Читаем Пастернак в жизни полностью

(С.П. Бобров – Ж.Л. Пастернак, январь 1967 г. // Пастернаковский сборник. Вып. 2. С. 211–212)* * *

…В Сокольниках однажды среди древних сосен он остановил меня и сказал:

– Смотрите, Сережа: кит заплыл на закат и отяжелел на мели сосен…

Это было сказано про огромное тяжелое облако.

– Кит дышит, умирая на верхушках сосен.

И через минуту, куда-то вглядевшись:

– Нет, это не то!..

Образ за образом потекли из его души. Все в разрыве, все кусками, дробью, взлетами. И в другой раз, с мукой и тоской, воскликнул он, оскалив белые зубы, как у негра:

– Мир – это музыка, к которой надо найти слова. Надо найти слова!

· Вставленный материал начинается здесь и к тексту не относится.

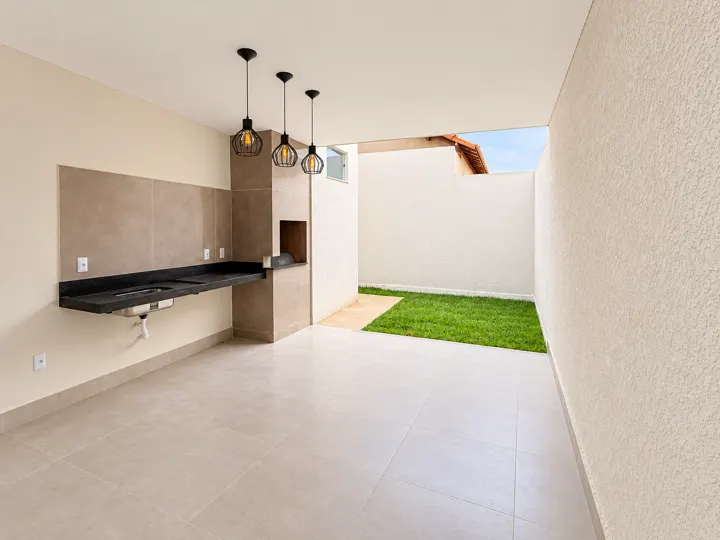 Área gourmet da casa de 137 m²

Я остановился от удивления. Музыкант должен был сказать как раз наоборот: мир – это слова, к которым надо написать музыку, но поэт должен был бы сказать именно так, как сказал Боря. А считалось, что он музыкант. Я эти слова запомнил навсегда. И «кит» в Сокольниках стал мне ясен: это была попытка найти слова – свои слова! – к тихому плаванью облаков, к музыке предвечерних сосен, металлически чисто и грустно шумящих, перешумливающихся друг с другом на закате.

(Дурылин С.Н. В своем углу. С. 306–307)* * *

…Не знаю, каким именно образом случай свел меня с писателем С.П. Бобровым, через него с поэтом Борисом Пастернаком. Пастернак покорил меня всем: и внешностью, и стихами, и музыкой. Через Боброва я познакомился и с Валерием Брюсовым, Федором Сологубом и другими тогдашними крупными литераторами. Раза два бывал в «Обществе свободной эстетики», где все было любопытно и непохоже на обычное. Однако все эти впечатления первого знакомства заслонило вскоре иное. Это была встреча с Владимиром Маяковским.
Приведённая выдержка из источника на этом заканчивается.